_Exercise description_. Would you repeat the whole listing exactly, pictures excluded?

***** Information provided *****

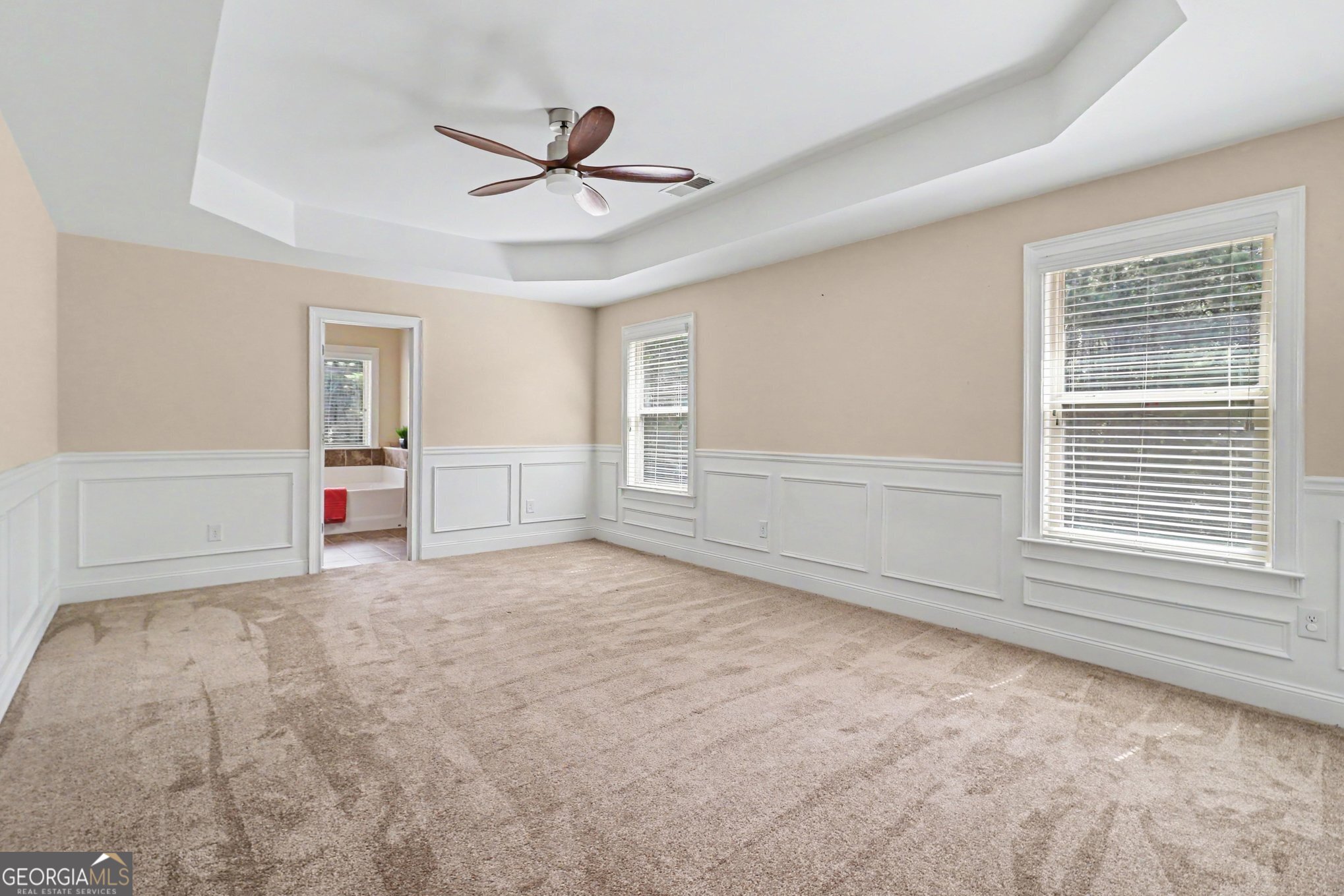 207 George Wynn Road Palmetto, GA 30268 - Photo 16 of 32 a view of an empty room with a window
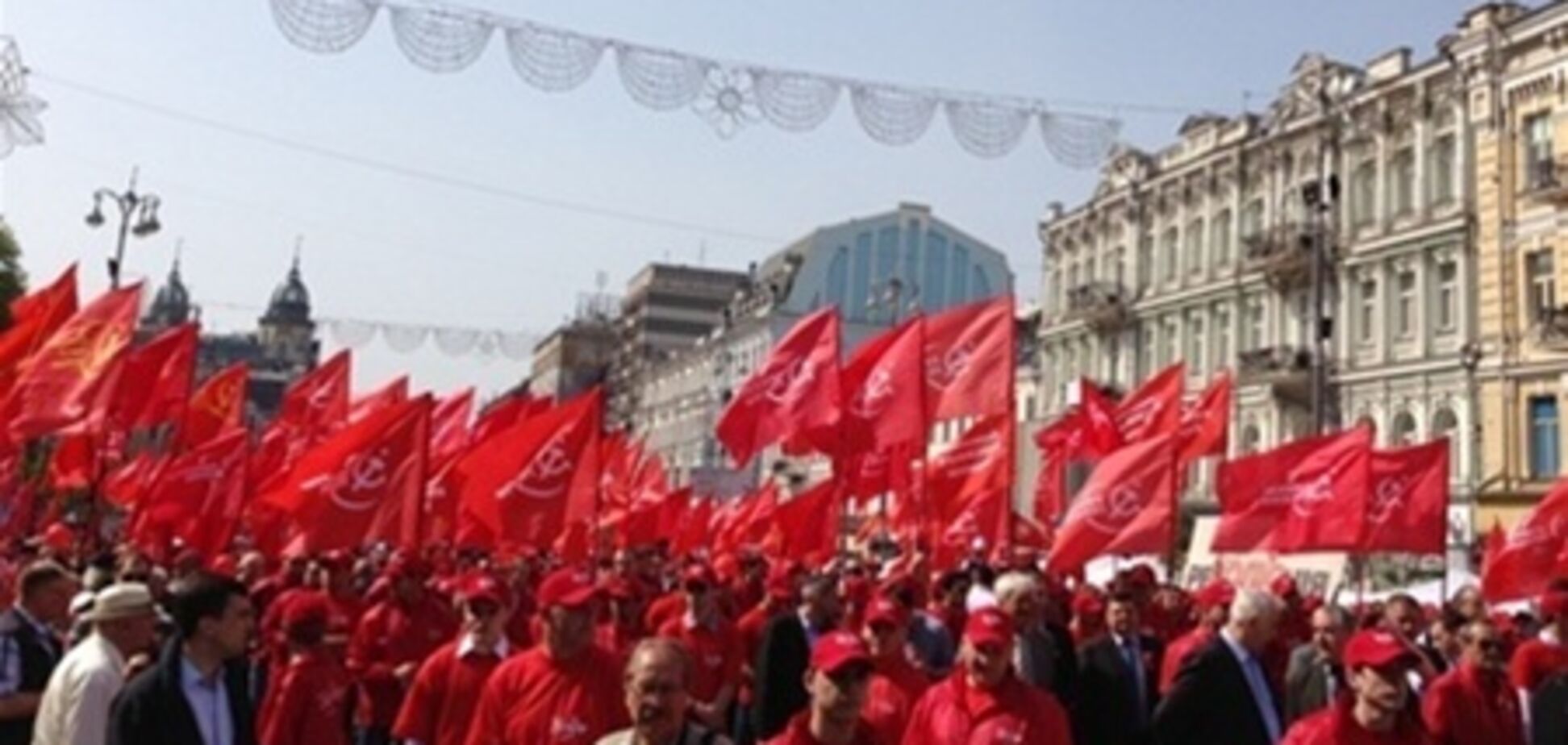 Коммунисты украсили Европейскую площади красными лентами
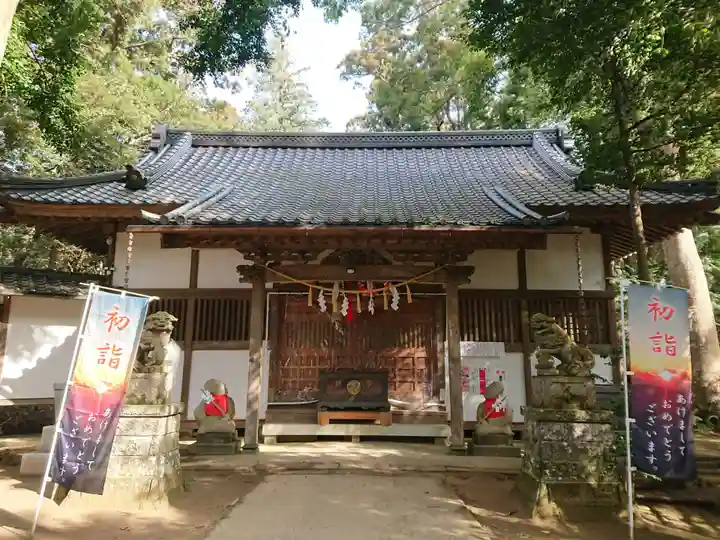 日吉神社の本殿・本堂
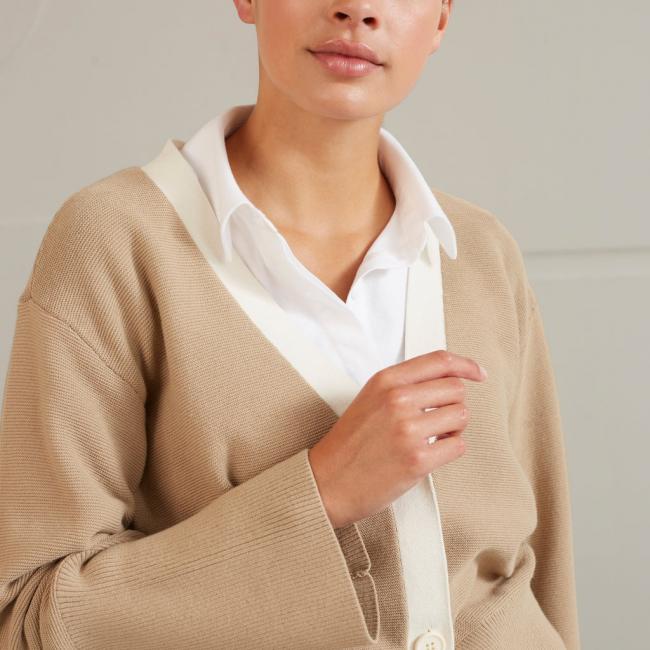 Cardigan col V, à manches longues et larges et à boutons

*****

_Answer area_.
 207 George Wynn Road Palmetto, GA 30268 - Photo 16 of 32 a view of an empty room with a window
 Коммунисты украсили Европейскую площади красными лентами
 日吉神社の本殿・本堂
 Cardigan col V, à manches longues et larges et à boutons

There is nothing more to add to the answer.